A few days later I noticed an ad from something called the Newspaper Institute of America. It offered correspondence courses in, that's right, newspaper writing. If I could just do it, if I could complete twelve lessons, I would be a writer, maybe not as good as Hemingway, but I would have the chance to be. Don't ask me how I paid the two hundred something dollars it cost. We probably ate a lot of oatmeal for breakfast, and beans and potatoes for other meals. Some of my children still won't eat any of those.

I wrote about anything I could think of: the children coloring Easter eggs, the boys and their father making animal traps and catching critters in them. I wrote long letters to editors. Once I did a lengthy article about Chritmas Seals, and the spread of tuberculosis. If a regular newspaper columnist commented favorably about any tidbit I sent them, I sent more. When the church needed someone to write for the weekly newsletter I volunteered. I would have written about a neighbor's husband being on a ship that disappeared in the Bermuda Triangle, but an important rule about newspaper writing is you must keep your facts straight, and I didn't know why his ship didn't make it back.

Twelve lessons, only twelve, I kept thinking. Number eleven was a tear jerker I wrote, about a school bus driver running over and killing a little dog at the bus stop. Parents were ready to lynch the driver. The children just needed a proper burial for little Corkey. I am sure my children remember this. After getting bed sheets from me to wrap him in, they prayed and placed plastic flowers over his grave, and cried.
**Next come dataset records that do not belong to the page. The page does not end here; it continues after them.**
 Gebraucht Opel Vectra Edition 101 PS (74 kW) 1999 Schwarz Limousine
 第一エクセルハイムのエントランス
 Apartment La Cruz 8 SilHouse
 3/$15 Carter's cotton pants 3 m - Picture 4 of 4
But back to the present, while considering what I might share with you here now, I noticed a recent news item, and realized even though I wrote my number twelve newspaper writing assignment 33 years ago, it is still timely for today's news. It was October, 1963. Had not decided on a subject for lesson number twelve. Turned the evening news on, and there it was. As the story unfolded Russian missiles in Cuba, only ninety miles from America beaded down on us. Castro, who today may be at the end of his life, was an oppressive dictator that Cubans gave up their homeland and risked dying, to get away from, to be free. Sounds a lot like what our servicemen and women are fighting about for us, today.

The evening news said 60 Cubans were rescued at sea, and would soon arrive at the port in my hometown, Beaumont, Texas. Some say newspaper writers can smell a story. I tasted mine. Didn't have enough money to buy lots of candy, and didn't know how many Cuban children would arrive, so I stopped at a store and got all the chewing gum I could for them, Chiclets. I still have the story, what I wrote about this back then. After it all took place I typed the story, and drove to the local newspaper, and left it for the managing editor. To have an important story printed, one can hope, one can only hope. Will try to condense it here.
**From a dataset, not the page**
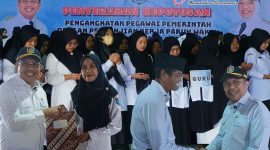 Bupati Lombok Barat Lalu Ahmad Zaini menyerahkan SK pengangkatan kepada PPPK Paruh Waktu di Bencingah Agung, Rabu (28/1).(Foto: Dok. Taufik Natanagara)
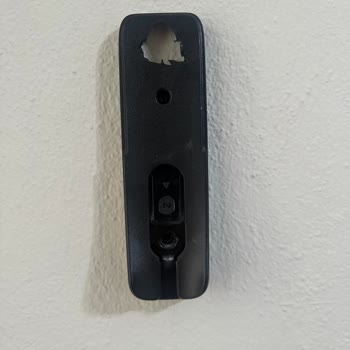 Philips SpeedPro Max XC7043 Duvar Aparatının Kısa Sürede Kırılması Ve Ücretsiz Değişim Talebi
I call it my "Almost" story. Inside the Red Cross shelter exhausted Cubans, even little children milled around, as if lost. Red Cross volunteers gave them blankets and packages of bath soap and other cosmetics. Other volunteers gave them food and coffee. In a quieter part of the shelter, the Cuban women waited. When someone handed them blankets or food, they took it, but it was obvious getting those things was not their big concern. A language barrier made it difficult to understand what they wanted. Finally, someone called a priest who spoke their language, and he brought what they needed, a large candle. Before they left their homeland they vowed to not sleep or eat, til they gave thanks for being in a safe place.

Volunteers helped them erect an altar made of upended cardboard boxes, covered with Red Cross bankets. The priest placed the large candle on the makeshift altar, and the Cuban women knelt in thanksgiving. Their journey of faith was done. Although the newspaper didn't run my story (the regular reporter met deadline for his) the editor was kind enough to write me an enouraging note, and send the story back to me. For a long time I regretted it didn't make it, but today I realize it's better it didn't.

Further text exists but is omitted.